Shaanxi Diesel Engine Heavy Industry
- Native name: 陕西柴油机重工有限公司
- Romanized name: Shǎnxī cháiyóujī zhònggōng yǒuxiàn gōngsī
- Industry: Automotive parts
- Headquarters: Shaanxi, China
- Products: Engines and generators
- Parent: China Shipbuilding Industry Corporation
- Website: www.sxd408.com

= Shaanxi Diesel Engine Heavy Industry =

Chinese diesel engines manufacturer

Shaanxi Diesel Engine Heavy Industry, Co. Ltd. (陕西柴油机重工有限公司 (Shǎnxī cháiyóujī zhònggōng yǒuxiàn gōngsī))) of Shaanxi, China is a major producer of diesel-powered electrical generators, high-speed prime movers for large-scale marine applications, and is one of China's key state enterprises for the production of such engines.

==Parent Company==
Shaanxi Diesel Engine Heavy Industry, Co. Ltd. is a subsidiary of China Shipbuilding Industry Corporation.

==Diesel Engines==
The company's large 150-series diesel engines produce between 98 and 1072 hp (73 and 800 kW).

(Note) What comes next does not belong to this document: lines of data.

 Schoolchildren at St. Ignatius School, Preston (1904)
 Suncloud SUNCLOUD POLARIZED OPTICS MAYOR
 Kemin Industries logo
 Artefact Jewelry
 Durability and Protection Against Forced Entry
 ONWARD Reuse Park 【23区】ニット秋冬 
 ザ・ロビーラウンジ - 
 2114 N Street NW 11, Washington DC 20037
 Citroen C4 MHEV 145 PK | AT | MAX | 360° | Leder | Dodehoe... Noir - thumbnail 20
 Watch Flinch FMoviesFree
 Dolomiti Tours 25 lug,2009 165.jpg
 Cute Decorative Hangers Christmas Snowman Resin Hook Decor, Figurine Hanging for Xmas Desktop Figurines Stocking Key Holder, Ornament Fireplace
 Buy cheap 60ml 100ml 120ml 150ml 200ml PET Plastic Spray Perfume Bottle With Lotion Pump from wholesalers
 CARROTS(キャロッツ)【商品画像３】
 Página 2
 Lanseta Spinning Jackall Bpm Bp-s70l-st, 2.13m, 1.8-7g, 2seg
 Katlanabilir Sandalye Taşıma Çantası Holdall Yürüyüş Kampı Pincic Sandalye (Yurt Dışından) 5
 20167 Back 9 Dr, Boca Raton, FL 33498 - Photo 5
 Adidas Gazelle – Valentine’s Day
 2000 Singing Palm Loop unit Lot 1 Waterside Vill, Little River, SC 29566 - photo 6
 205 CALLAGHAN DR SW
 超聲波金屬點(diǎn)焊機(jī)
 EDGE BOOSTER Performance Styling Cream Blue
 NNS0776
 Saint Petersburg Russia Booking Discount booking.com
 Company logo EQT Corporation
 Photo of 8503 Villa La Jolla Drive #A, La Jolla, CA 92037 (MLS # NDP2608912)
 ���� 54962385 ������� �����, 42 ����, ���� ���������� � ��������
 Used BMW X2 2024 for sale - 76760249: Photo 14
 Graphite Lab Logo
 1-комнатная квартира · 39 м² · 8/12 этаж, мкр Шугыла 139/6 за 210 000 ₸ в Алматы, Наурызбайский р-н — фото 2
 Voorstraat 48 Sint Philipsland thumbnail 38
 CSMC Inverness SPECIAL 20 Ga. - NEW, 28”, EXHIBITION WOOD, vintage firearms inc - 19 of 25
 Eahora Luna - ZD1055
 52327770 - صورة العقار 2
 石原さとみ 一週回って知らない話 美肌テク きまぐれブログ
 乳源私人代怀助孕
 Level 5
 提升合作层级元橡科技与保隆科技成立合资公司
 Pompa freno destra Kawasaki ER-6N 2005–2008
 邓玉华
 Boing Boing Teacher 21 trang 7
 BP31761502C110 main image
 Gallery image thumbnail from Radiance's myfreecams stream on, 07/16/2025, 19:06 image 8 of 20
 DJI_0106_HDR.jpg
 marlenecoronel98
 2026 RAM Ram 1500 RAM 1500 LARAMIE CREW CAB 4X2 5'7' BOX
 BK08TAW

In addition, their smaller 396-series engines are produced under license from MTU Friedrichshafen, and are intended for use in vehicles, oil production equipment, small marine applications, and the generation of power.

Shaanxi Diesel's stand-alone power generators are rated for 102 to 536 hp (76 to 400 kW).

They also produce engines under license for MAN Diesel.

The company also produces diesel propulsion engines for warships such as the Type 054A frigate, of which the design is licensed from SEMT Pielstick. The engine produced is the 16-cylinder PA6 STC.

==Automotive Fuel Injection Systems==
They are an aftermarket provider as well, producing 50 different types of injector pumps and nozzles.

==Export Sales==
At present, Shaanxi Diesel exports its products to more than 20 countries.